B2B sales have existed for a while, but outbound has only recently matured to a level of systematization. The most sophisticated companies are leveraging robust data architecture to support their sales effort.
90% of companies are doing lead sourcing wrong
Stop relying solely on spreadsheets.
If you're spending hours manually building lists, you're losing valuable time that could be spent engaging with potential clients.
Ricky Pearl, cofounder of Pointer, recently conducted a LinkedIn poll reinforcing how roughly 70% of revenue professionals spend between 1-3 hours every day just building lists.
That's time not spent selling.
Have you ever found yourself chasing lofty revenue goals only to realize, midway, that you were chasing an unrealistic market size all along?
You're not alone.
Understanding the Total Addressable Market (TAM) is more than just estimating numbers; it's about understanding what defines of your potential clientele and how they fit into your business puzzle.
Centralizing this data ensures that every strategy, campaign, or outreach effort that you undertake measurably maximizes sales & marketing alignment. Hence, the potential for success.
The Three Questions You Should Be Asking Yourself About TAM:#
👉 A total addressable market (TAM) calculates the overall revenue opportunity for a given set of products or services. In other words, the number of total possible customers for your solution x the average annual revenue per customer.
In the B2B world, the idea of defining your TAM is to be able to scale outbound & orchestrate ABM strategies.
1. Who Is Your Target Persona?
Let's say you need 300 new logos for Q4.
At an average 15% meeting booked rate, and a 70% post-meeting conversion rate, you'll need to engage with roughly 3,000 accounts to get there.
But whom should you include in these accounts?
The first step is to know which company fits your ICP.
Step 1: Craft a Detailed Firmographic Outline of Your Ideal Customer Profile (ICP)
👉 An ideal customer profile (ICP) describes the perfect company or customer you want to target for your business. Companies that fit your ICP are the lifeblood of your business as they are more likely to buy, stay loyal to your product, and refer you to others. This comes after a pattern analysis of your closed-won customers.
Your ICP should be more than just a loose description. Stop trying to target a fictional “Boring Boris: Project manager, introvert, 2 kids, and driving a Ford."
Instead, try to capture the essence of your perfect client.
When working from a TAM perspective, I would recommend starting with a broad definition, mainly focused on firmographics.
Something like B2B SaaS & Technology companies, post-Series A, 100-500 employees, 200K ARR, located in Europe.
Step 2: Narrow your ICP definition.
Enhancing the effectiveness of your TAM can be greatly achieved by providing additional B2B data.
For this, you can use technographic (the tools commonly used by your target audience), psychographics, and demographic attributes to narrow down your choices.
For example, see the persona template from SalesIQ.
This lets you create more detailed segments on top of your TAM, ensuring more granularity and relevancy in your outreach to increase performance.

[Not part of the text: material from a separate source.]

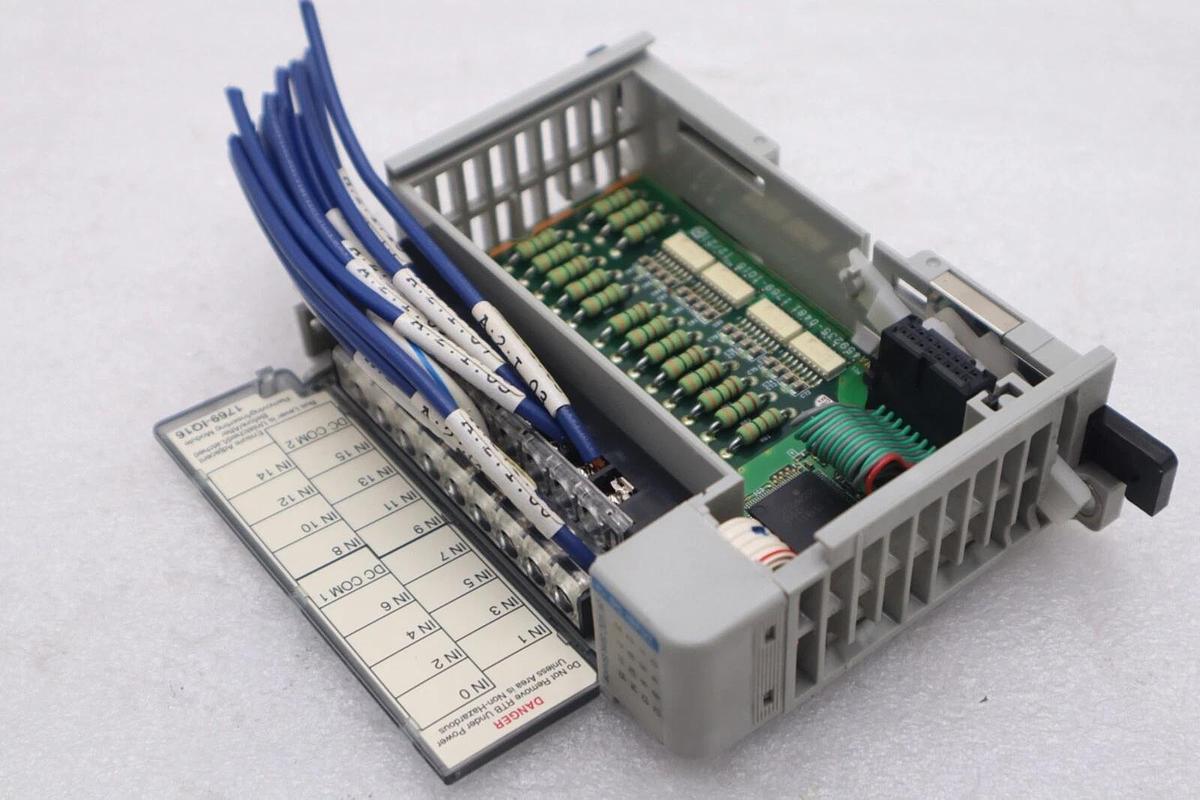 Used ALLEN-BRADLEY 1769-IQ16 SERIES A INPUT MODULE STOCK #B-1338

2. How to size your market?#
After refining your ICP, this is the moment to take a closer look at your market size. In other words, start tallying how many companies fit the bill, ticking off your carefully curated criteria.
Looking for a quick ballpark figure?
There are some great calculators out there.
My personal favorite is from Clearbit.
Zoominfo and Cognism also offer a good alternative.
Still, I'd recommend using the calculator that sounds more suitable for your target market. Zoominfo/Clearbit are more suitable data providers for the US, while Cognism is superior for Europe.
3. Where to centralize it?#
You've got two solid options when it comes to getting your TAM in one place. Either, use your data providers or build your own definition of your total addressable market.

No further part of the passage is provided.